Sen. Jay Rockefeller (D-W.Va.) is pushing hard for
Senate action on a two-year delay.
Upton favors
tougher action
While Simpson eyes a delay-EPA measure,
House Energy and Commerce Committee Chairman Fred Upton (R-Mich.)
recently criticized the idea.
He has instead called for
overturning EPA rules outright, or, if that can’t get traction, delaying
them until legal challenges that industry groups and state have filed
work their way through the courts.
Upton, in a Wall Street
Journal op-ed late last month, said a two-year pause would be
“arbitrary.”
“It was selected because a handful of Democrats
needed political cover. There is no way to know whether two years will
be sufficient time for the courts to complete their work,” Upton wrote
in a piece co-authored by Tim Phillips, president of the conservative
group Americans for Prosperity. The two said they are “not convinced”

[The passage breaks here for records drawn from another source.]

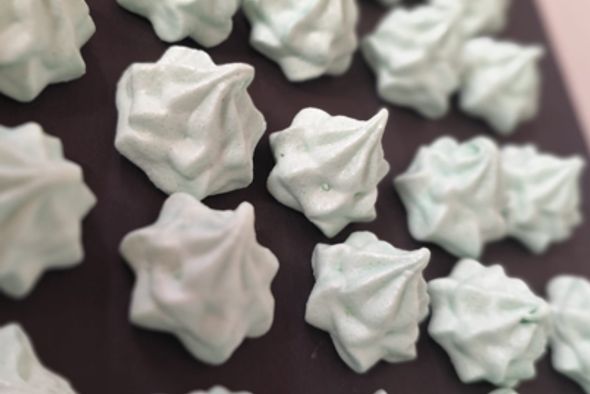 Plateau de Petites Meringues Sapin de Noël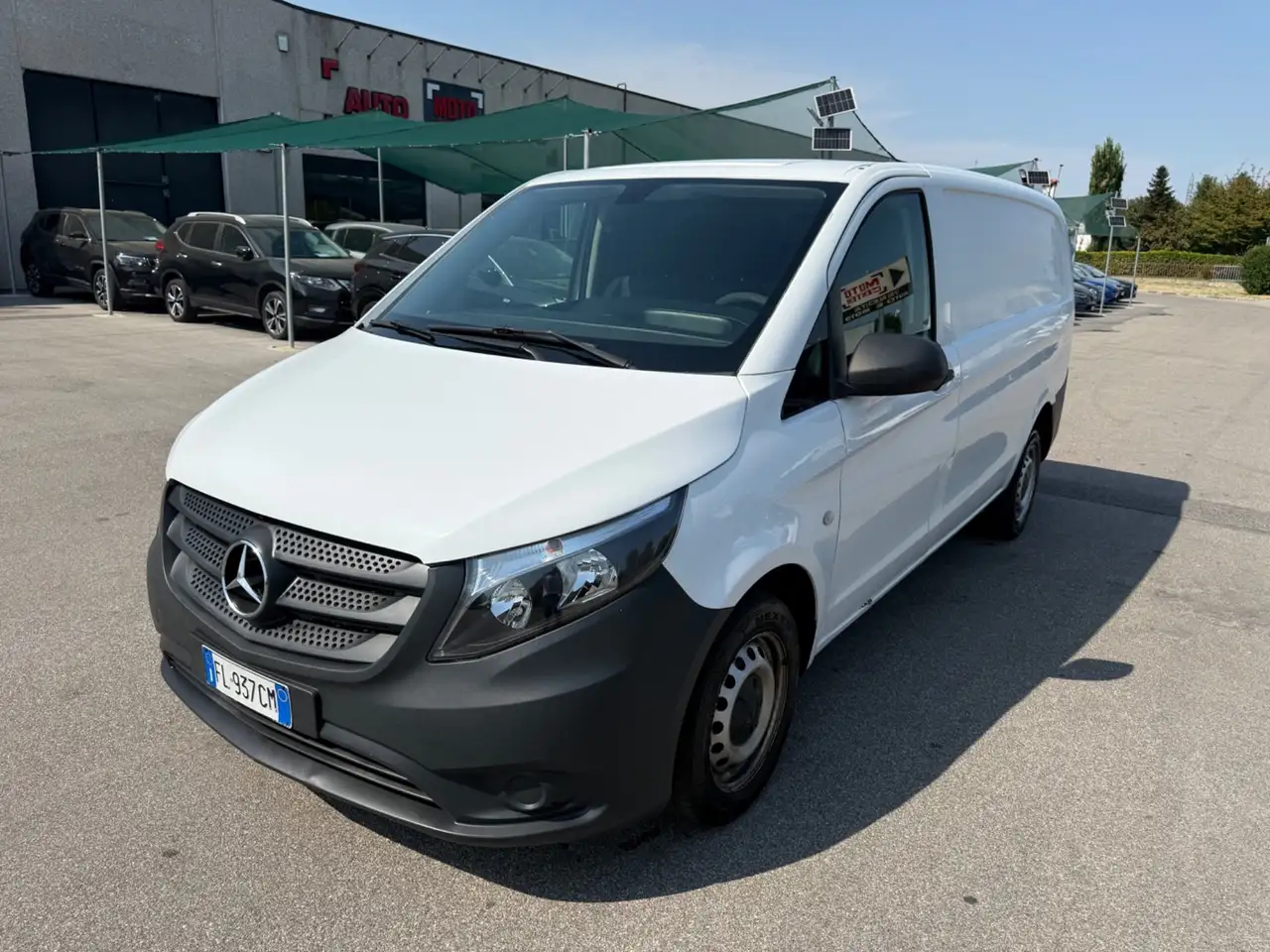 Mercedes-Benz Vito Vito 1.6 111 CDI PC-SL Furgone Long — photo 1 of 12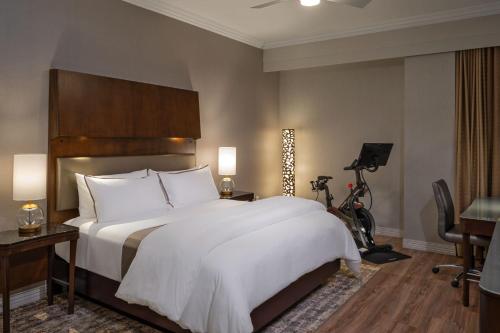 The Westin Houston Downtown Image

that carbon emissions are a problem in need of regulation.
But
overturning EPA’s authority is highly, highly unlikely to pass the
Senate. Even a delay faces big hurdles, but it could gain traction as part
of a must-pass spending bill that would also be tougher for the White
House to veto.
ON TAP THURSDAY I: Interior responds to oil
spill report
Michael Bromwich, the Interior Department’s top
offshore drilling regulator, will appear at the Center for Strategic
and International Studies. He will deliver his first public remarks
since the presidential commission that probed the BP oil spill released its
final report Tuesday.
Bromwich heads Interior’s Bureau of
Ocean Energy Management, Regulation and Enforcement.
ON TAP
THURSDAY II: CIA climate official talks climate-security nexus
Larry
Kobayashi, director of the CIA’s Center on
Climate Change and National Security, will speak at a forum hosted by
the Pew Charitable Trusts.
ON TAP THURSDAY III: Commerce
Secretary talks U.S.-China relations
Commerce Secretary Gary
Locke will discuss the U.S. commercial relationship with China at a
U.S.-China Business Council forum. The event comes at a time of tension
between the two powers over China’s green energy trade practices. Obama
administration officials allege that Chinese wind industry subsidies run
afoul of World Trade Organization rules.
ON TAP THURSDAY IV:
Justice Dept. natural resources official speaks
Assistant
Attorney General for Energy and Natural Resources Ignacia Moreno will
discuss the division’s 2011 priorities at the Washington, D.C., Bar
Association.
NEWS BITES:
Appeals court rejects Texas’ attempt to block EPA climate rules
A federal appeals court rejected an effort by Texas officials to block the Environmental Protection Agency from issuing greenhouse-gas permits in the state.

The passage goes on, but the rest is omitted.